Its report (approved by a 3-2 majority of the board) released on Thursday looked at the telephone records program run by the NSA supposedly under authorization of Section 215 of the USA Patriot Act and concludes that “Section 215 does not provide an adequate legal basis to support the program” (p. 10). In other words, the program is illegal, countering all the assertions from Obama down that they have acted within the law.
As to its constitutionality, the board clearly has doubts.

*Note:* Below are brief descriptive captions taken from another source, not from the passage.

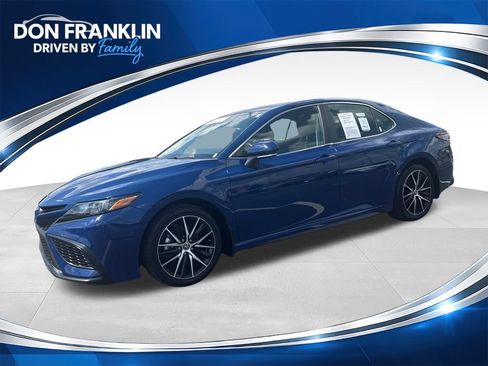Used 2023 Toyota Camry SE w/ Convenience Package FWD image 1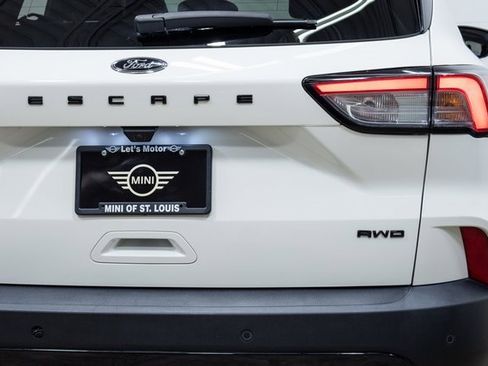 Used 2022 Ford Escape SEL w/ SEL Stealth AWD Package image 10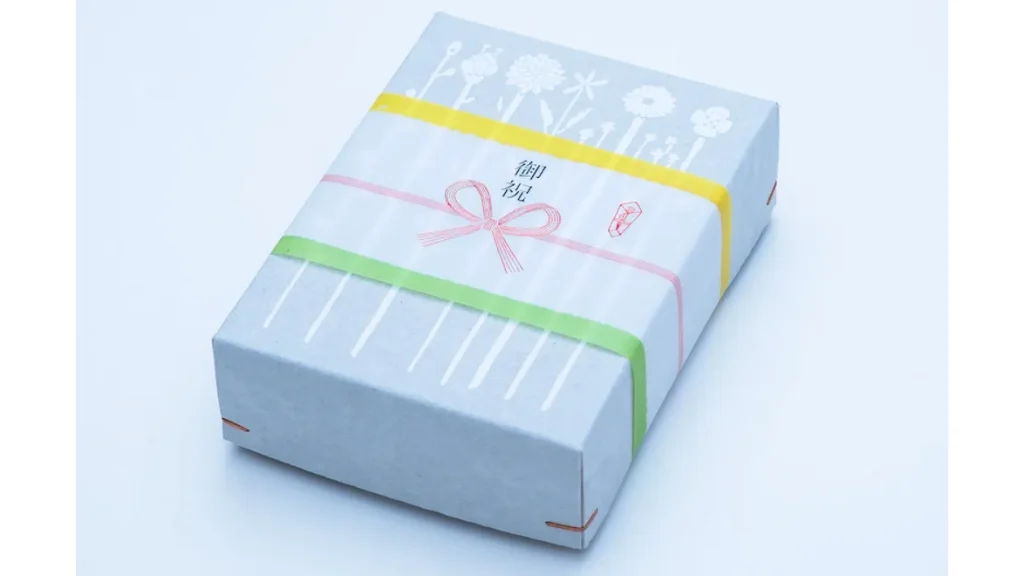 結婚祝いに贈りたい「おそろいんかん」|ドレス×タキシードの夫婦印鑑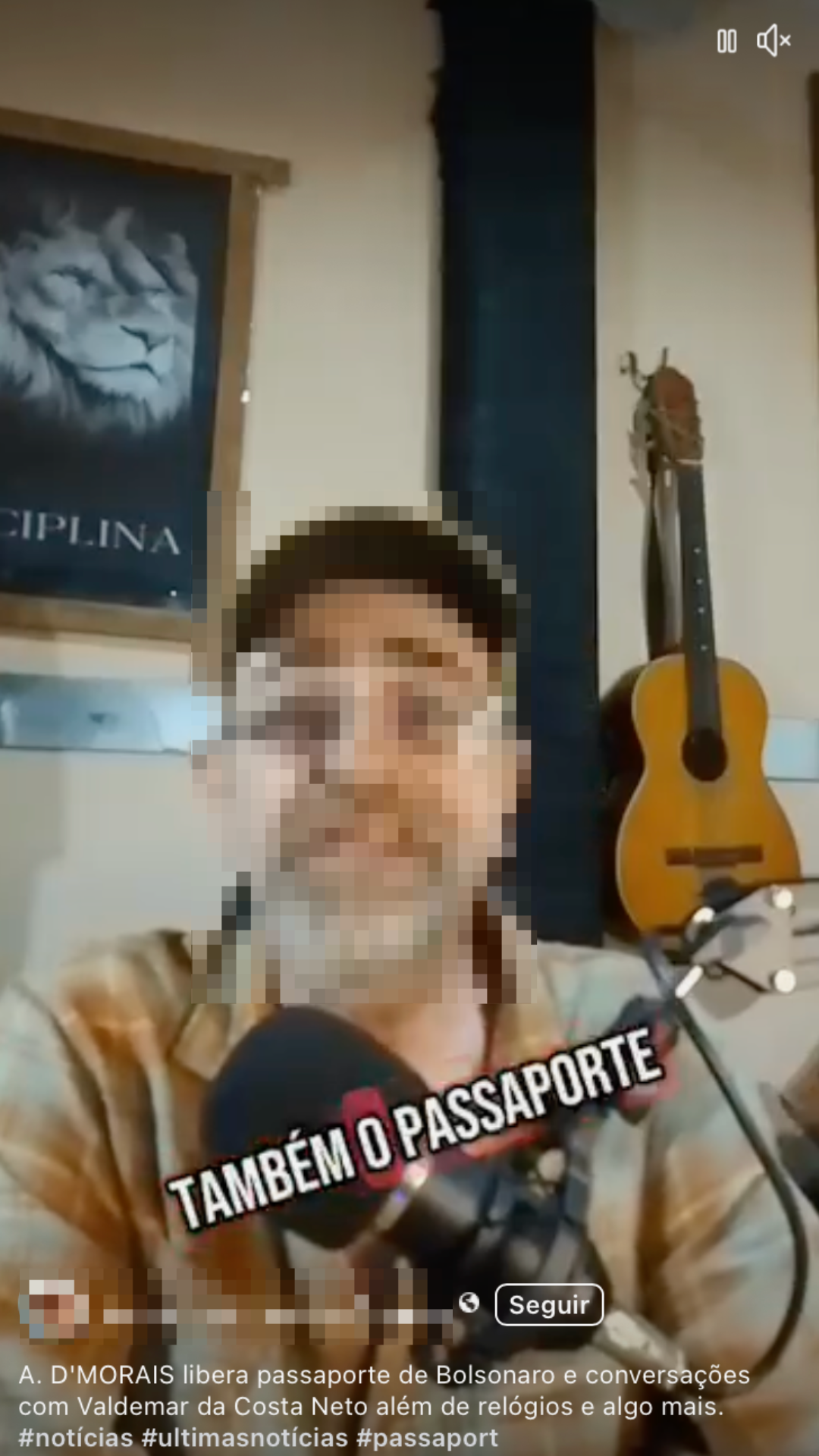 Publicação feita no Facebook mostra homem idoso que usa camisa marrom xadrez e óculos e fala ao microfone. Ao fundo, há um quadro e um violão. Legenda diz: ‘D’MORAIS libera passaporte de Bolsonaro e conversações com Valdemar da Costa Neto além de relógios e algo mais’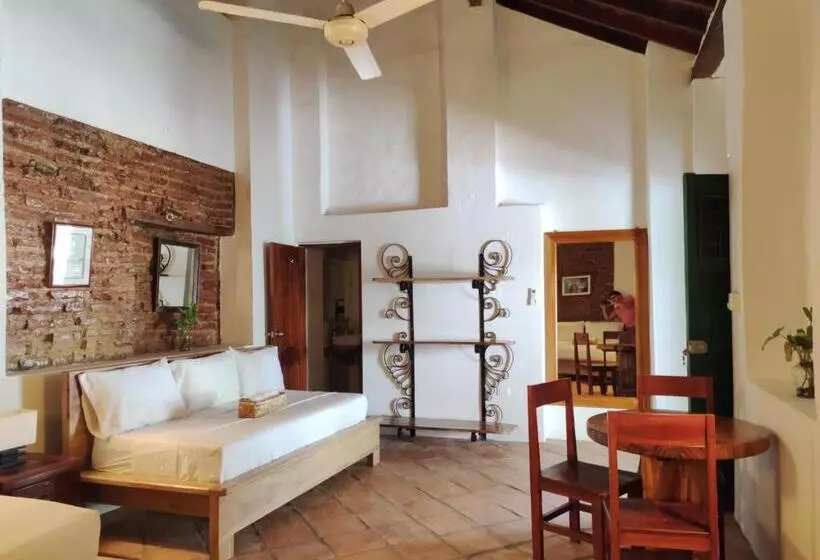 Hotelli Nieto Mompox, Ubicado En El Corazón Del Centro Histórico, Frente Al Rio Magdalena En Zona De Malecón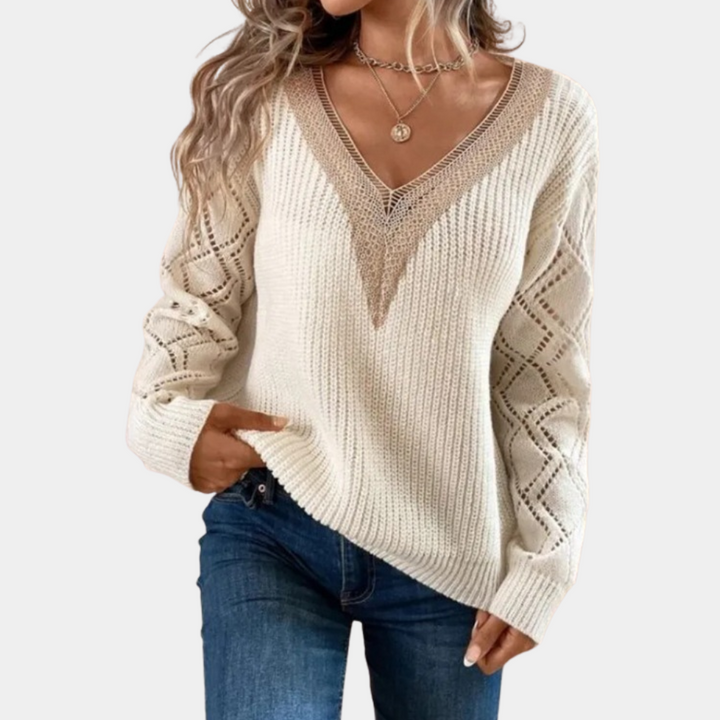 Stylish women's long-sleeved knitted jumper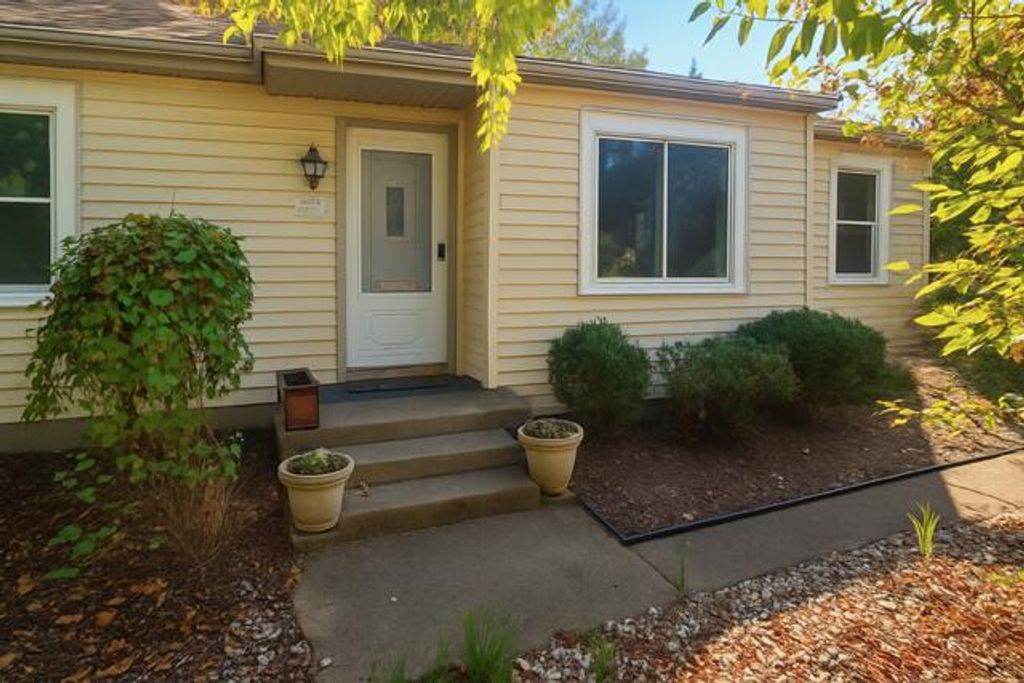 33967 Wadsworth Street, Livonia, MI 48150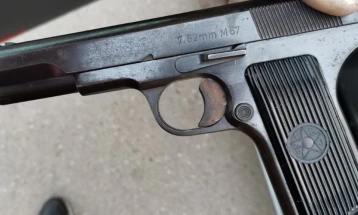 Претрес во прилепско Дебреште, пронајден пиштол, приведено едно лице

The NSA’s telephone records program also raises concerns under both the First and Fourth Amendments to the United States Constitution. We explore these concerns and explain that while government officials are entitled to rely on existing Supreme Court doctrine in formulating policy, the existing doctrine does not fully answer whether the Section 215 telephone records program is constitutionally sound. In particular, the scope and duration of the program are beyond anything ever before confronted by the courts, and as a result of technological developments, the government possesses capabilities to collect, store, and analyze data not available when existing Supreme Court doctrine was developed. Without seeking to predict the direction of changes in Supreme Court doctrine, the Board urges as a policy matter that the government consider how to preserve underlying constitutional guarantees in the face of modern communications technology and surveillance capabilities.
As to the usefulness of this illegal program, the report is quite scathing.
Based on the information provided to the Board, including classified briefings and documentation, we have not identified a single instance involving a threat to the United States in which the program made a concrete difference in the outcome of a counterterrorism investigation. [My italics-MS] Moreover, we are aware of no instance in which the program directly contributed to the discovery of a previously unknown terrorist plot or the disruption of a terrorist attack. And we believe that in only one instance over the past seven years has the program arguably contributed to the identification of an unknown terrorism suspect. Even in that case, the suspect was not involved in planning a terrorist attack and there is reason to believe that the FBI may have discovered him without the contribution of the NSA’s program. (p. 11)
The chairman of the board has called for the program to be ended.
The assertion by a group of political insiders that the NSA telephone spying program is illegal, maybe unconstitutional, not even useful, and should be terminated should be devastating. The president will very likely ignore the report.